История моей матери. Роман-биография — страница 125 из 155

Яков уговаривал ее остаться и говорил, что она, с ее опытом и умением находить неожиданные выходы из нештатных ситуаций, может принести Управлению много пользы, — ей было всякий раз не по себе, когда он повторял это. Она была из другого теста, чем он: русская рулетка, с ее выстрелами на «авось»: сойдется-не-сойдется — была ей неинтересна. Она видела, как мужественные и талантливые люди, которых она знала за рубежом, возвращались и терпеливо ждали своей участи: попадет ли в них тот самый выстрел, или окажется холостым, или пронесется мимо, что, учитывая размах трагедии, напоминало массовое самоубийство китов, выбрасывающихся на берег и оставляющих на нем свои туши. Так далеко ее коллективизм не распространялся: в ней сидели посеянные в ином месте семена проклинаемого здесь индивидуализма, побуждавшего относиться к собственной и к чужим жизням с большим уважением, чем это было принято в России, и это было даже не влияние католического духа, чуждого и коммунизму, и православию, а нечто более глубокое и древнее — остатки древнего анимизма предков, который живет во всяком сельском жителе и заставляет его почитать не только жизнь человека, но и любой живой твари — даже дерева. Она умела рисковать и могла умереть за идею: она доказала это прежней работой — но пасть от руки своих и неясно зачем было для нее ненужным излишеством.

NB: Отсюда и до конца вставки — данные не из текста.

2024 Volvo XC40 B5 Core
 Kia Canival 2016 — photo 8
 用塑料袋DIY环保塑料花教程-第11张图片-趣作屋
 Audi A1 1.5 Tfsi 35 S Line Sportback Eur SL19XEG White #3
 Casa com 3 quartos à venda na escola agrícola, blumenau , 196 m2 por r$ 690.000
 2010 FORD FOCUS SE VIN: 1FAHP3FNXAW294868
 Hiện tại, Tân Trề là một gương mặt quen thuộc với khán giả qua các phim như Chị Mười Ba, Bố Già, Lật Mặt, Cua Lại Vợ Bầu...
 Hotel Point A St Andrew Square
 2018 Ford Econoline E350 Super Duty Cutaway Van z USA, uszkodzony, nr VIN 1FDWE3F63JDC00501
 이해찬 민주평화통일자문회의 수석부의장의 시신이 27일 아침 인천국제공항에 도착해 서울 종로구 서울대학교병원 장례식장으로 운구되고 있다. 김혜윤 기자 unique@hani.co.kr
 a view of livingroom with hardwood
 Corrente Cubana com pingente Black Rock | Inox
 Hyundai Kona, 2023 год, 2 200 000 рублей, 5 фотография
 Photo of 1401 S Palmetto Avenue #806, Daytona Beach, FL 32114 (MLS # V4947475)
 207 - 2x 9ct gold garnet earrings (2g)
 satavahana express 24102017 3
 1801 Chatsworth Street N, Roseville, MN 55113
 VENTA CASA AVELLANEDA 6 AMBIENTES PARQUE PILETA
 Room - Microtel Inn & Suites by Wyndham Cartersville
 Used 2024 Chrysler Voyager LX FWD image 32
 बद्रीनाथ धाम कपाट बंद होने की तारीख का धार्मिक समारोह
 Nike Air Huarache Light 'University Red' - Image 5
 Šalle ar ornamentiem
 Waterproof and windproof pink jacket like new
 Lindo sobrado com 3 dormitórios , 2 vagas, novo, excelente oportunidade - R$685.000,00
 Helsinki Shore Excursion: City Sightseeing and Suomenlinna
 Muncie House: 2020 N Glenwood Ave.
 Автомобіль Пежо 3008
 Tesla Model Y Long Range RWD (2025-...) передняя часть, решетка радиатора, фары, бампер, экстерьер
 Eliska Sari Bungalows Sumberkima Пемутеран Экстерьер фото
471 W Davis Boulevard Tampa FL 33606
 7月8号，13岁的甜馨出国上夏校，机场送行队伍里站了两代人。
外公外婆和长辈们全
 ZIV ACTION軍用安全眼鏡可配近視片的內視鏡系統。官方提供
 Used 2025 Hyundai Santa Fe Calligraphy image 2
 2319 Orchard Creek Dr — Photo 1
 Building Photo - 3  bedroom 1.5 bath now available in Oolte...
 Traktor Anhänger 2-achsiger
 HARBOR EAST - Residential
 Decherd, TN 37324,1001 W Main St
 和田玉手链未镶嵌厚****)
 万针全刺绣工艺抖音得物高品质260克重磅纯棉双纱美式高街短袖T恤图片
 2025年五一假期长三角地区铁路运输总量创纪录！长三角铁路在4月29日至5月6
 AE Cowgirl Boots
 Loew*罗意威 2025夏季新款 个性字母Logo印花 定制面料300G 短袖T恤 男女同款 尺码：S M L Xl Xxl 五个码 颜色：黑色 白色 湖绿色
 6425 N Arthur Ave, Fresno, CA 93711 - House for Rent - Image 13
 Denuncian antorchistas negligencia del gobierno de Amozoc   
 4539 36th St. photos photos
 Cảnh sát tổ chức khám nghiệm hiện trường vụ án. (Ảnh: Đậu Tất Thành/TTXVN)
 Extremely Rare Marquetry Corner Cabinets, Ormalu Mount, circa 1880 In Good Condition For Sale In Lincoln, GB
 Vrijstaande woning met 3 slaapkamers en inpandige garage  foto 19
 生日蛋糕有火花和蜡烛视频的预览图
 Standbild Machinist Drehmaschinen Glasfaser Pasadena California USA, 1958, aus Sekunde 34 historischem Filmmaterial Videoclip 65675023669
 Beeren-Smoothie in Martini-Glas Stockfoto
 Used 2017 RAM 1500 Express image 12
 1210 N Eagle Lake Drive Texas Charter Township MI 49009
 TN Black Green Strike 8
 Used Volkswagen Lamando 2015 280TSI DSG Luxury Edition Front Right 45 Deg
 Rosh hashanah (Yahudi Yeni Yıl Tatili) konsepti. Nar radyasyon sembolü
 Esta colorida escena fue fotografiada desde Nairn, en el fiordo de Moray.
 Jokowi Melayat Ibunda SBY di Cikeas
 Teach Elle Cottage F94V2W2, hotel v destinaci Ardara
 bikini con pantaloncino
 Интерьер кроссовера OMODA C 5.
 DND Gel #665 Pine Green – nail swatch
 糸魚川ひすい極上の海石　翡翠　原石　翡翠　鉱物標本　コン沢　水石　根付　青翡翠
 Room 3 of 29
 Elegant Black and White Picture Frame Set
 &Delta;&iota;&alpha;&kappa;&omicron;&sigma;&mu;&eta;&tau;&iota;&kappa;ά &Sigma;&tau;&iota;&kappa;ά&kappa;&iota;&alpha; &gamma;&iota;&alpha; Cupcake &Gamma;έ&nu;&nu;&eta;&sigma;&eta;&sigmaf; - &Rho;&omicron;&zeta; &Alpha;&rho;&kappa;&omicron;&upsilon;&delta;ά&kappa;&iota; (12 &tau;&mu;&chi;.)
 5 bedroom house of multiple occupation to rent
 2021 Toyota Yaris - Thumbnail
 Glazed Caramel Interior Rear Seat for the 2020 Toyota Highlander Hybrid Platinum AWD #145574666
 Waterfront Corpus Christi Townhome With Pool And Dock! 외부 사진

Кроме того, к ней, как она считала, начали подбираться и подкапываться. На нее был «материал» в Управлении. Яков, имевший доступ ко всем папкам (почему-то и первого отдела), успокаивал ее, убеждал, что ей, с ее орденами и заслугами, нечего бояться, но он много что говорил, а она не всему уже верила — тем более, что он потом легко отступался от своих слов, говоря, что был в свое время недостаточно информирован. Во-первых (он сам это рассказал), в первом отделе лежало донесение, что она взяла на попечение «ребенка врага народа». Это было правдой, она не думала от нее отрекаться, но само то, что эту гадость не порвали и не выбросили, говорило о многом и не располагало к благодушию. Яков доказывал, что никто не имеет права уничтожать доносы: они копятся и остаются даже тогда, когда человека уже нет в живых, — но объяснение это ее не успокаивало, а напротив восстанавливало против подобных архивов и архивариусов. Кроме него был еще один сигнал — вовсе нелепый и дурацкий, но это его не обесценивало — напротив, делало лишь опаснее. Об этом можно рассказать особо, потому что, несмотря на свою незначительность и даже никчемность, он склонил ее к окончательному решению.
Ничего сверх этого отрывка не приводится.